One factor which influences the AB is emotional information. When the second target (T2) in an RSVP stream is an emotionally relevant stimulus it is more likely to be perceived during the period during which the AB typically occurs. The AB is not only modulated by emotional relevance of (T2) but also by the emotional relevance of (T1). When (T1) is emotionally relevant the AB is lengthened and when (T2) is emotionally relevant, the AB is reduced. This suggests that emotion can mediate attention.

==Theories==

===The Inhibition Theory===
Raymond et al. (1992) suggest that the attentional blink is produced by perceptual uncertainty amongst the target (T1) and following target (T2). They suggest that this confusion happens at some point in the target identification processes. When confusion is eliminated, attentional blink isn't observed. The researchers also suggested that one way to eliminate confusion is to have items that cannot be named.

===The Interference Theory===
Shapiro et al. (1994) suggest that an interference model may better explain the attentional blink effects than the inhibition model. In this model, the attentional blink is thought to take place because of an out of place item which is selected out of the series because of the interference within the items in the series. Shapiro proposes that the amount of interference increases or decreases with the length of the series.

===The Delay of Processing Theory===
Giesbrecht and Di Lollo (1998) suggest that the attentional blink over target 2 results when the person is busy processing target 1. It is suggested that anything increasing the difficulty of processing of the first target will result in a greater attentional blink.

===The Attentional Capacity Theory===
Duncan et al. (1996) suggest that the target 1 takes over parts of our attentional capacity, leading to a deficit of processing or recognizing target 2 when presented immediately after target 1. This theory suggests that the time for which target 2 continues to occupy attentional capacity is related directly to the difficulty of processing target 1.

===The Two-Stage Processing Theory===
Chun & Potter (1995) suggest that quickly processing a series of items requires two back to back stages.

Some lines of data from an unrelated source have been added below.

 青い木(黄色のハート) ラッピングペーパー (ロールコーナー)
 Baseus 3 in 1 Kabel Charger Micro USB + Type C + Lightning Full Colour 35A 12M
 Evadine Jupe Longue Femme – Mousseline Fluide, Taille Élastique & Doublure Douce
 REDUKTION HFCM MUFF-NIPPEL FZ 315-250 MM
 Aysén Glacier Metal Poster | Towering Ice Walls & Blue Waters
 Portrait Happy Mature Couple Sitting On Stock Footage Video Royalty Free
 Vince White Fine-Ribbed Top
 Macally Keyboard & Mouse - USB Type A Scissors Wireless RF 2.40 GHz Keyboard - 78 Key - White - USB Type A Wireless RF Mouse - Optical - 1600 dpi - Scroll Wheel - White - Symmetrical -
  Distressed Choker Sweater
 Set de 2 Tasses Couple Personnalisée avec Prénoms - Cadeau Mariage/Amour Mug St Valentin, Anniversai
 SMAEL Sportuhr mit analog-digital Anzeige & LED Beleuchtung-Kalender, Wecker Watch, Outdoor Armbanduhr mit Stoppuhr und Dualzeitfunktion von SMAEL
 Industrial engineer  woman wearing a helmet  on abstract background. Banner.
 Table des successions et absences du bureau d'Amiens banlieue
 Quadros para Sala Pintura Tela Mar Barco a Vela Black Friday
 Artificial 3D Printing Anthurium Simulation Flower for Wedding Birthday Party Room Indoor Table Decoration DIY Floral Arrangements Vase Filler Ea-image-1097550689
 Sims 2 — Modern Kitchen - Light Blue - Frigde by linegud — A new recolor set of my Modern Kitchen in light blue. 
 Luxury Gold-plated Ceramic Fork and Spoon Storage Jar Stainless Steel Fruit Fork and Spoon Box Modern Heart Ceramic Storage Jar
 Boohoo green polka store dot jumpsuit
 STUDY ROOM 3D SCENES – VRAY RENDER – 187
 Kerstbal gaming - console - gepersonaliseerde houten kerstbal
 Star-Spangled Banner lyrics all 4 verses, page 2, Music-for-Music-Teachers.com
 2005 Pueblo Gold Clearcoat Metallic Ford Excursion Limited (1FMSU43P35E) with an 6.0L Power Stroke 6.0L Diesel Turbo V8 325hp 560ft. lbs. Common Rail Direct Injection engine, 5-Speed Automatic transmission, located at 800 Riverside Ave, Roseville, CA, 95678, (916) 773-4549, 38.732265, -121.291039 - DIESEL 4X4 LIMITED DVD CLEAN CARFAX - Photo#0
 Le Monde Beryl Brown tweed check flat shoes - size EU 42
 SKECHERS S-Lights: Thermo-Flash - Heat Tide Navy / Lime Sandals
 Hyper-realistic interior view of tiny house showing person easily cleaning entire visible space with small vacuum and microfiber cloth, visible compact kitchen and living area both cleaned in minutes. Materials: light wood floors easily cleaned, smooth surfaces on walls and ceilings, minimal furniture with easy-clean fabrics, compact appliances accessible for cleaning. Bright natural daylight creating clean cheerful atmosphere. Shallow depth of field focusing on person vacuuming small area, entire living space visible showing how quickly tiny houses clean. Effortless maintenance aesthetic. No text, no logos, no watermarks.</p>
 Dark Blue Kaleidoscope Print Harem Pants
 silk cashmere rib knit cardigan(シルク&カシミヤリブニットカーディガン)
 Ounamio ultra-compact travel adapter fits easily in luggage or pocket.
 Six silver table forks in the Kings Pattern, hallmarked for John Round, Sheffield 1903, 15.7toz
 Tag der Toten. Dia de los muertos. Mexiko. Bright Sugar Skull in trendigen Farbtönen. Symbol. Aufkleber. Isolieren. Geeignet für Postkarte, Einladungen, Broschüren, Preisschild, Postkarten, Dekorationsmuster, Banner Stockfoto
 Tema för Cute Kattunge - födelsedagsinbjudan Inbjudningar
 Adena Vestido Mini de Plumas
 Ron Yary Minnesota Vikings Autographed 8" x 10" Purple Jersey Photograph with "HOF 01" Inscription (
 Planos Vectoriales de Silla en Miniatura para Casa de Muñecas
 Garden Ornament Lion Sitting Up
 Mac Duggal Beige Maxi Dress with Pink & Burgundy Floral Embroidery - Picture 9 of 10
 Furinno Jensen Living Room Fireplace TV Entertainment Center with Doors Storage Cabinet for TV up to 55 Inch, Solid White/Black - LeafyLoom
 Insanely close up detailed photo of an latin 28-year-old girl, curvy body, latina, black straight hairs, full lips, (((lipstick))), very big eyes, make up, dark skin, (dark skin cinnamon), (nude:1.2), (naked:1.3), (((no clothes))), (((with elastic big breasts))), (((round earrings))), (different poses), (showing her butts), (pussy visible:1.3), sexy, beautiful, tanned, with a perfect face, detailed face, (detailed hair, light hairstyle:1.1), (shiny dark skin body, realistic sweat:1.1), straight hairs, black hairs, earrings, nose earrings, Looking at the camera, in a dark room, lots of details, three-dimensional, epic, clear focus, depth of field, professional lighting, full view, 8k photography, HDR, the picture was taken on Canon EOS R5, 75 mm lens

The first stage is the initial rapid-detection. Here, the possible targets are noticed. The second stage is the capacity-limited in which items are taken in order to report later. Stage 2 occurs after the acknowledgement of targets in Stage 1. Here, stage 2 must finishing processing target 1, until then, target 2 will not be recognized in stage 2. If there is a situation where the second target comes in the first stage, the highway to stage two is delayed. Attentional blinking occurs when target 2 is in stage 1 but target 1 is still in stage 2 so target 2 can not get to stage 2. The attentional blink mirror a restriction in the process of combining information from an unstable representation to a stable representation (Johnson & Proctor, 2004).